= William Edward Throckmorton =

Dr. William Edward Throckmorton (1795 - October 2, 1843) was an early Collin County, Texas settler.

Born in Virginia in 1795, Throckmorton was the son of a Revolutionary War soldier. He grew up in Virginia and met his first wife, Elizabeth Webb, there.

After receiving a degree in Medicine in 1817, Throckmorton began what was to become a series of moves across the country. In 1821, he moved to Sparta, Tennessee where he practiced medicine. This was followed by a move to Illinois. In the mid-1830s, he moved his practice to Fayetteville, Arkansas. While living there, his wife, Susan Jane [Rotan] died.

He married his second wife, Malinda Clement, in 1840. (Malinda is sometimes referred to as Malinda Wilson as she married John H. Wilson after William Throckmorton died.) They moved to Texas a year later, settling near the town of Melissa in Collin County. He died on October 2, 1843, and was buried in the Throckmorton Cemetery outside Melissa.

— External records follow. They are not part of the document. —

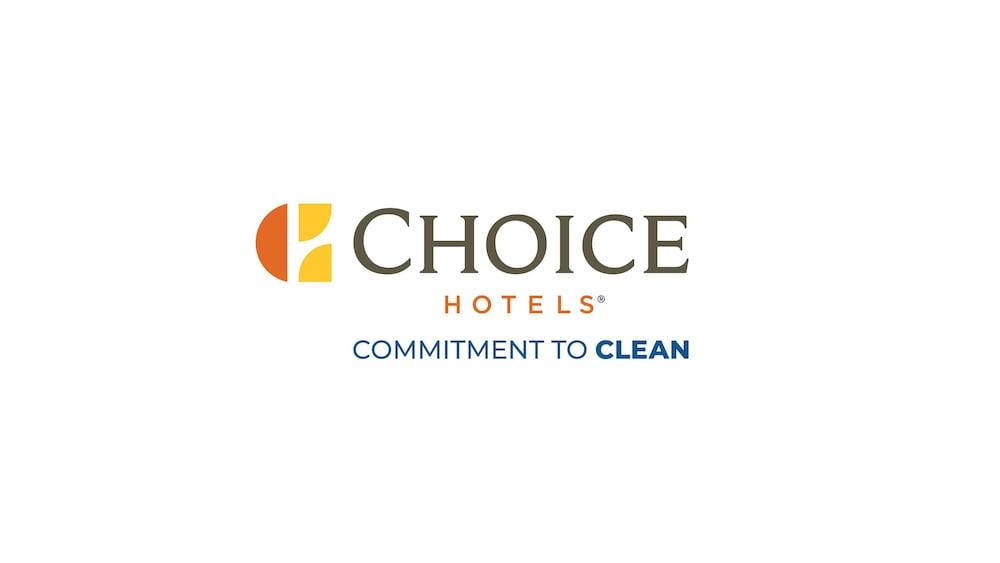 Quality Inn & Suites Santee Ngoại thất bức ảnh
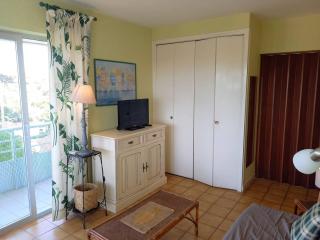 Royan Parc - APPARTEMENT - résidence LA GRANDE HUNE - APERCU MER - Royan - 5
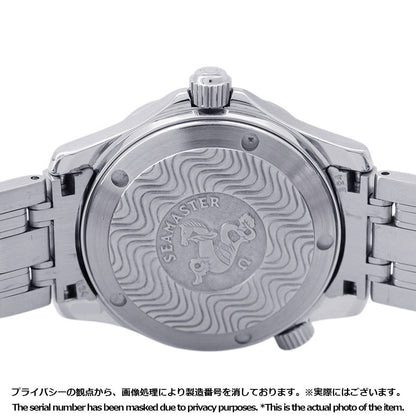 OMEGA Seamaster Professional 300M W36mm Stainless Steel Blue Dial2552.80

By his first wife, Throckmorton fathered eight children: William Albion (1819-1857); Mary Lee (1821-1822); John Augustus (1823-1895); James Webb (1825-1894); Robert Middleton (1828-1863); Lucy Jane (1831-1832); Dorothea Ann (1834-1834); Nancy Hampton (1836-1878). James Webb, became a prominent Texas politician. He held a number of positions, including State Senator, Governor, and United States Congressman.

Throckmorton County, Texas, established on January 13, 1858, was named in honor of Dr. William Edward Throckmorton.